New WA air-quality monitors draw critique from environmental justice advocates

Gov. Jay Inslee, right, speaks with Greg Crider, an air monitoring scientist with the Department of Ecology, as he visits the Jefferson Park-Beacon Hill Air Monitoring Station in Seattle on Tuesday. (Karen Ducey / The Seattle Times)

Half a dozen areas around Puget Sound, and even more across the rest of Washington, will soon see a new piece of technology to confirm what many residents already know: that they suffer from rampant pollution.

Washington’s Department of Ecology announced Tuesday it will install 50 new air-quality monitors in 16 communities with poor air quality and a vulnerable population.

But some environmental justice advocates say the new monitors aren’t enough and that a higher proportion of money collected from the state’s carbon-pricing auctions, which are funding the new air monitors, should be spent on communities most vulnerable to climate change.
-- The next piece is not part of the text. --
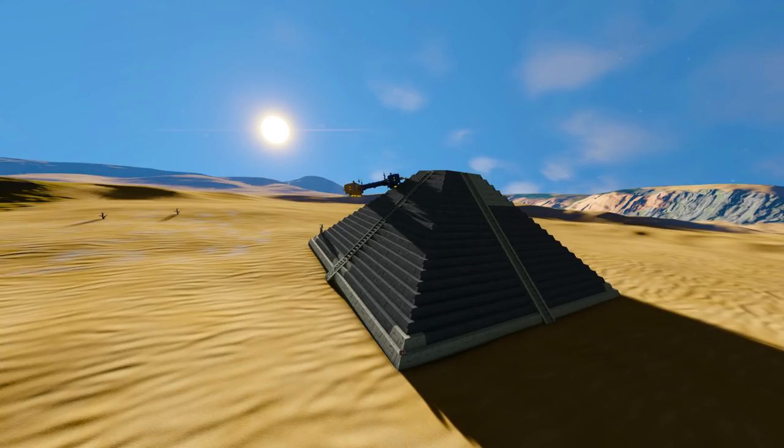Hello and welcome to another episode of Space Engineers. A lot of work has been done on Clang Temple — as we can see, a lot of it's been filled in. However, we are going to be making the mechanism at the top that will allow it to open up like a flower and then eat ships for sacrifices to Clang.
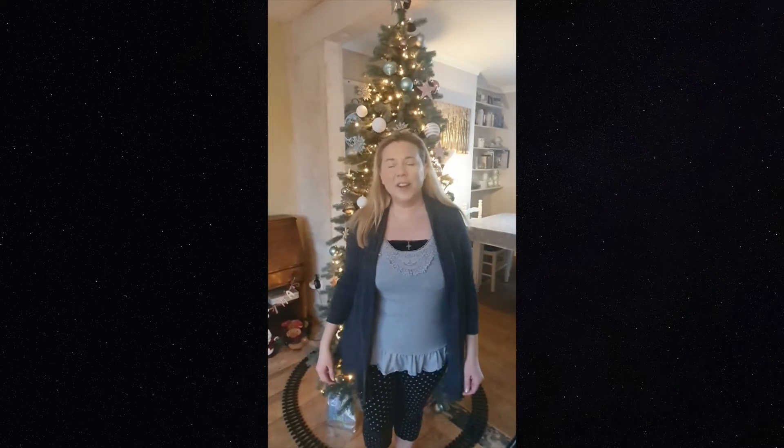Hello! I'm going to be showing you the signs for our final song for the nativity. You already know some of them so I'll just explain the new ones as we go along.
State officials should follow through with actions to cleanse the air of pollution, said Esther Min, director of environmental health research for the nonprofit Front and Centered Washington.

“Science is only useful if you make use of the data,” Min said.

A recent analysis from the nonprofit indicates that money from the 2021 Climate Commitment Act, which puts a price on greenhouse gases emitted in the state, isn’t going toward overburdened communities as much as politicians had promised.

State officials say the new monitors are an important step in learning where air pollution, specifically particulate matter from sources like wildfires and wood-burning stoves, hits the worst and directing their resources accordingly.

“This is a targeting device,” Gov. Jay Inslee said Tuesday. “We have a great instrument to generate weapons in the war against pollution.”

Inslee and other state officials also underscored their commitment to protecting overburdened communities with the state’s climate funds.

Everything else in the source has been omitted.